Take “While You Were Sleeping” minus the slapstick comedy, add a more engaging “In the Bedroom” plus “The Greatest,” and subtract everything about that awful movie “Wake” and you’ve got Switzerland’s nomination for the Oscars: “The Friend.”
In other words, “The Friend” is great. It is the story of a boy, Emile, who obsesses over a local musician named Larissa. One day Larissa approaches Emile and asks him to pretend to be her boyfriend in front of her parents. Emile is excited about this prospect until he finds out that Larissa died the next day. Her family invites him over to share in their grief and Emile starts to develop feelings for Larissa’s sister.
Taking its time in all the right places, Emile’s story slowly unfolds with cloudy uncertainty. Who Larissa really was and the exact nature of her death remains unclear as Emile tries to navigate through the workings of her family. Knowing nothing personal about Larissa, he has to continually lie to people he has come to really enjoy being around, even in their grief.

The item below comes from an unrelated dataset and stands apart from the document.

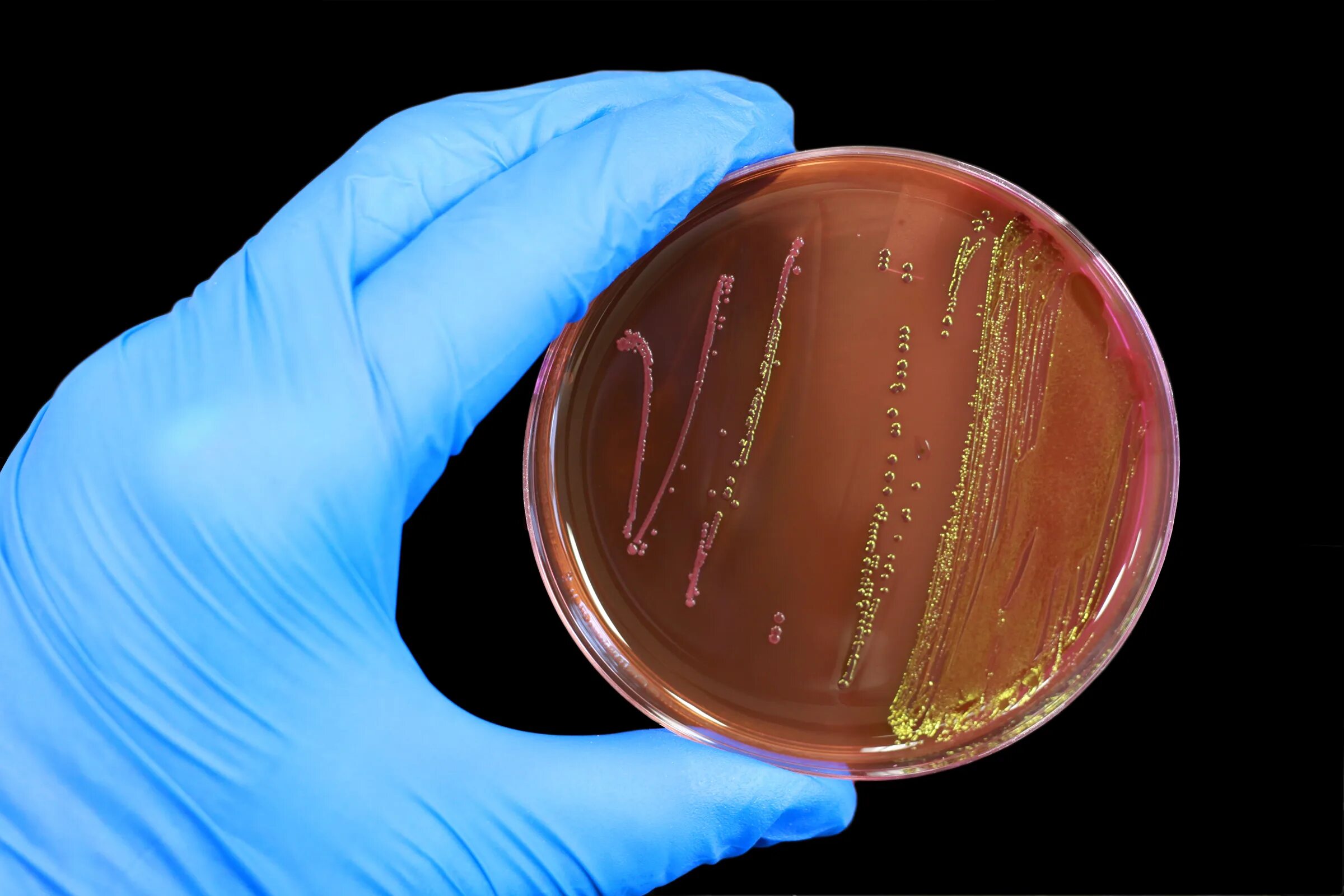 Кишечная палочка Escherichia coli. Эшерихия кишечная палочка. Кишечная палочка Еscherichia coli. Escherichia coli эшерихии. Кишечная палочка в моче причины лечение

Every performance in this film is mesmerizing. As opposed to Hollywood filmmaking, these actors seem content to stay quiet, sober, and not quite attractive. And though what they are saying is in a language that I don’t understand, every inflection and expression is global.
Here is a film that deals with the grieving process in a realistic way. No one succumbs to insane, throwing-glass breakdowns, and no one seems to remain in complete denial of the situation. Instead, everyone is pretty accepting of a loved ones death. They find ways to cope and they seem to try to move on with their lives. It’s nice to see a film that seems to be informed by real people.